= Work instructions =
A verbatim copy of all the data is required; the pictures should not appear in it.

Data extracted from a collection:
↓↓↓

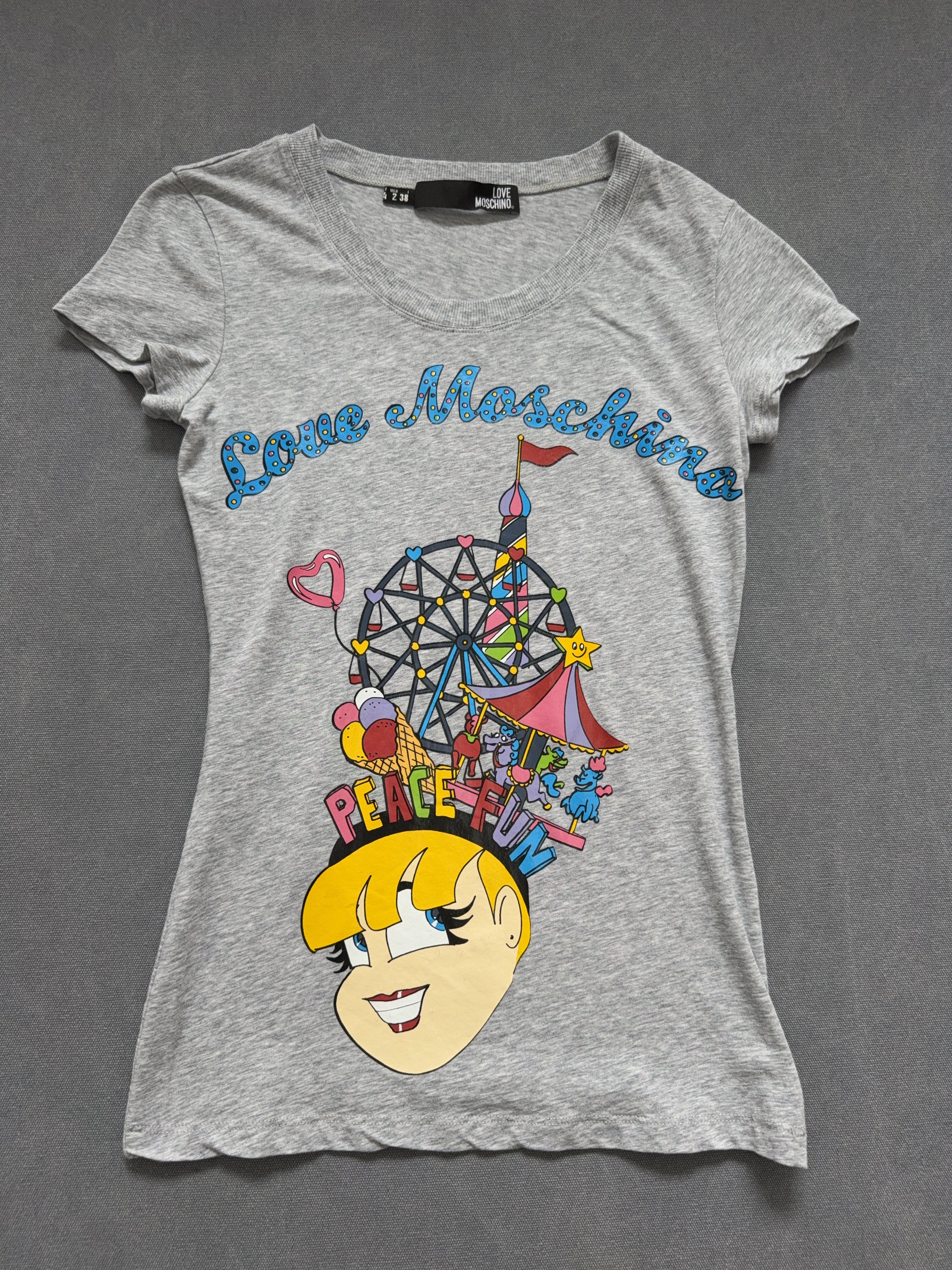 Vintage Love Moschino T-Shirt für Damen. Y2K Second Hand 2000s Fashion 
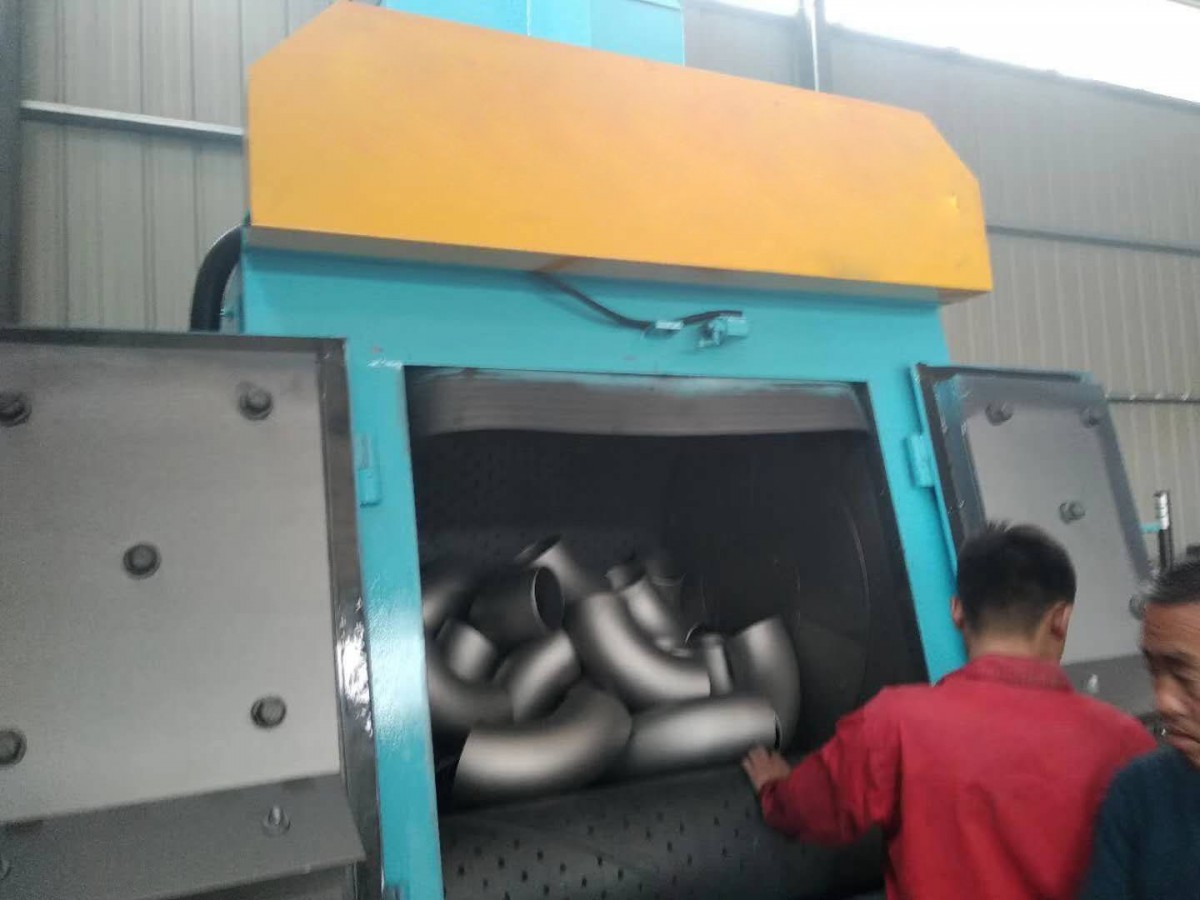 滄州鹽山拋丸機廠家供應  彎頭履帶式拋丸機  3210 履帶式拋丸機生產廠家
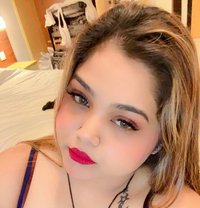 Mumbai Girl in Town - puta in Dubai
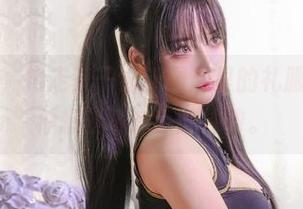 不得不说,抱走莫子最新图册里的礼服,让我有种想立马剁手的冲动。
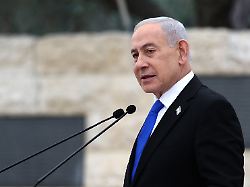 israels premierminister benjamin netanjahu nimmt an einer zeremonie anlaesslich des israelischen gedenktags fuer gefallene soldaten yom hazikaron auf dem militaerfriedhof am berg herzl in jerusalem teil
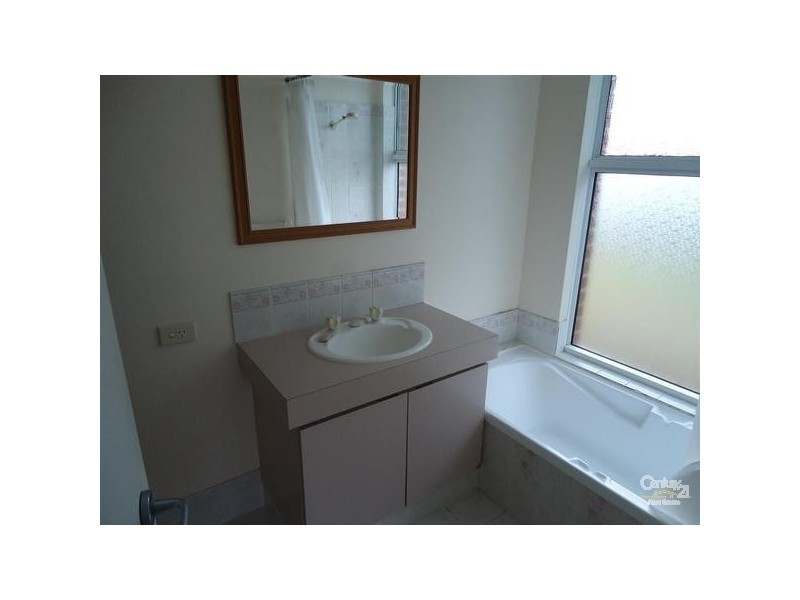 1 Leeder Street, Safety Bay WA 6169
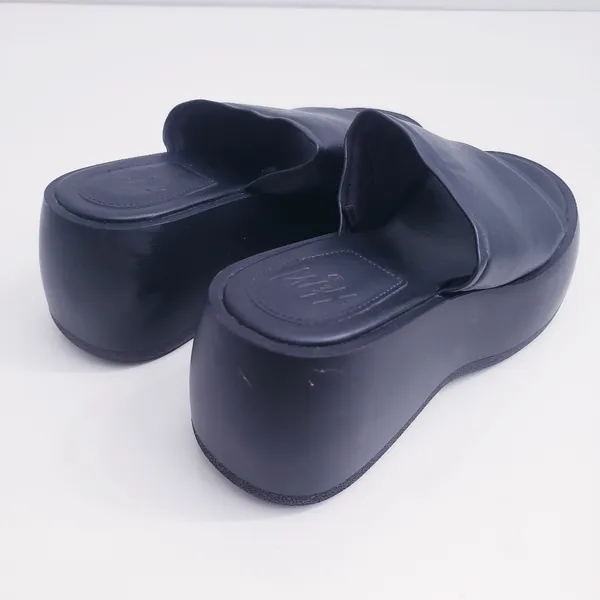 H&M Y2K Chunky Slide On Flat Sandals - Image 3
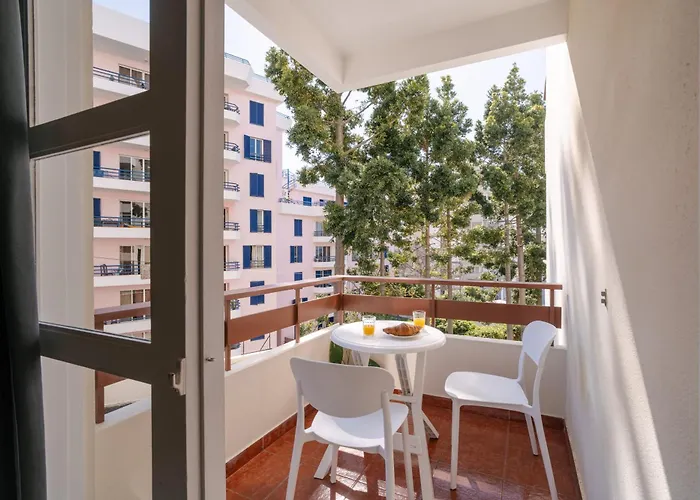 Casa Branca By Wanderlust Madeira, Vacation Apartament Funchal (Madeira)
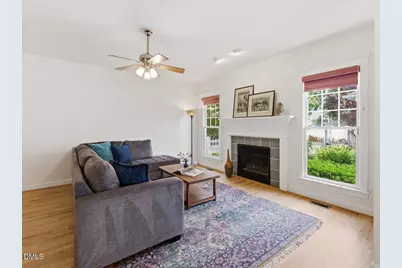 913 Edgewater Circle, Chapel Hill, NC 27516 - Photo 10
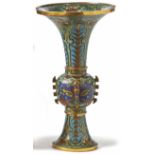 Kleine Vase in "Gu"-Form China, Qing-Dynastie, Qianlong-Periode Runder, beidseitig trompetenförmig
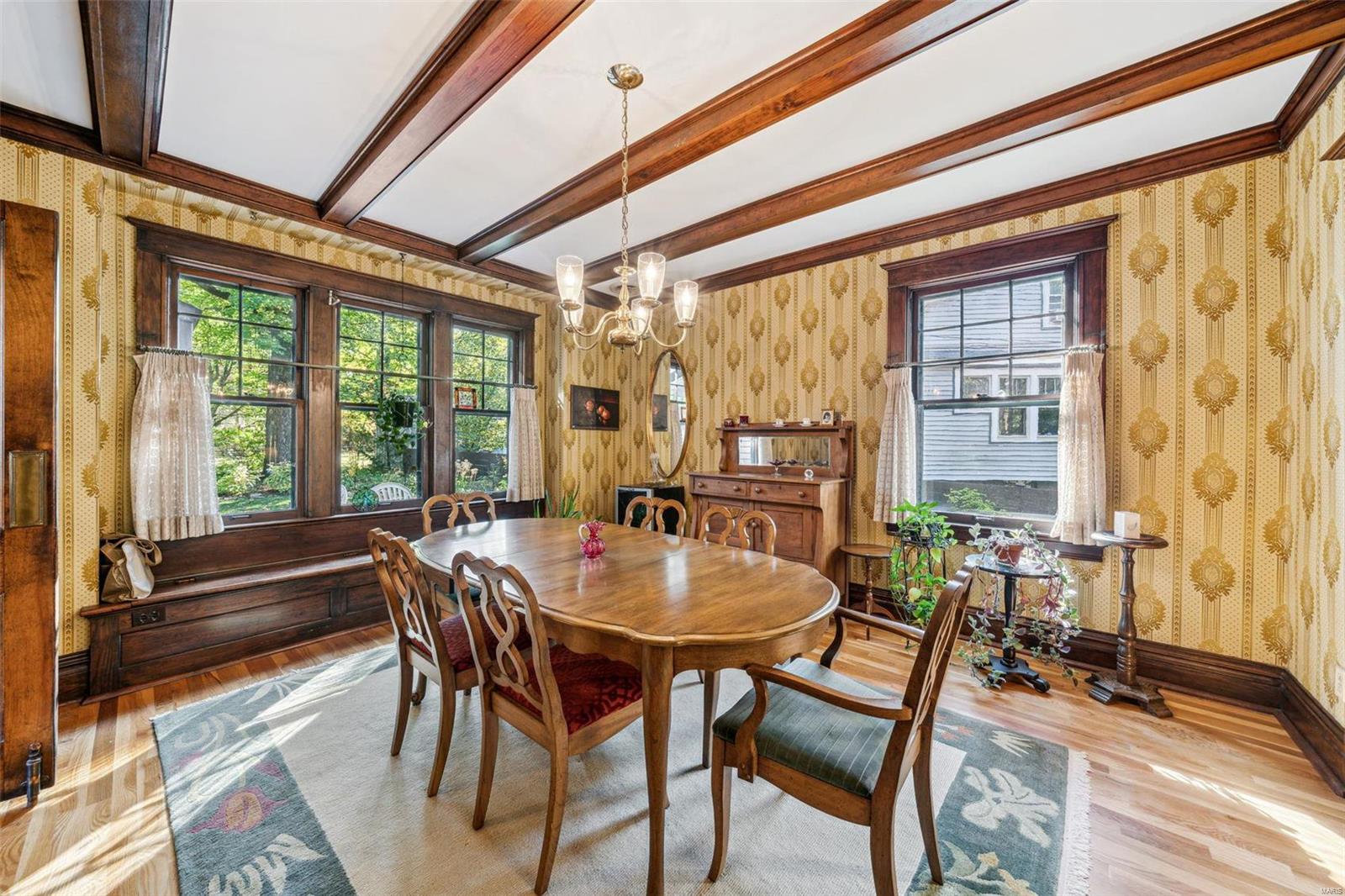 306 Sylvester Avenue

↑↑↑

= Answer to this exercise =
 Vintage Love Moschino T-Shirt für Damen. Y2K Second Hand 2000s Fashion 
 滄州鹽山拋丸機廠家供應  彎頭履帶式拋丸機  3210 履帶式拋丸機生產廠家
 Mumbai Girl in Town - puta in Dubai
 不得不说,抱走莫子最新图册里的礼服,让我有种想立马剁手的冲动。
 israels premierminister benjamin netanjahu nimmt an einer zeremonie anlaesslich des israelischen gedenktags fuer gefallene soldaten yom hazikaron auf dem militaerfriedhof am berg herzl in jerusalem teil
 1 Leeder Street, Safety Bay WA 6169
 H&M Y2K Chunky Slide On Flat Sandals - Image 3
 Casa Branca By Wanderlust Madeira, Vacation Apartament Funchal (Madeira)
 913 Edgewater Circle, Chapel Hill, NC 27516 - Photo 10
 Kleine Vase in "Gu"-Form China, Qing-Dynastie, Qianlong-Periode Runder, beidseitig trompetenförmig
 306 Sylvester Avenue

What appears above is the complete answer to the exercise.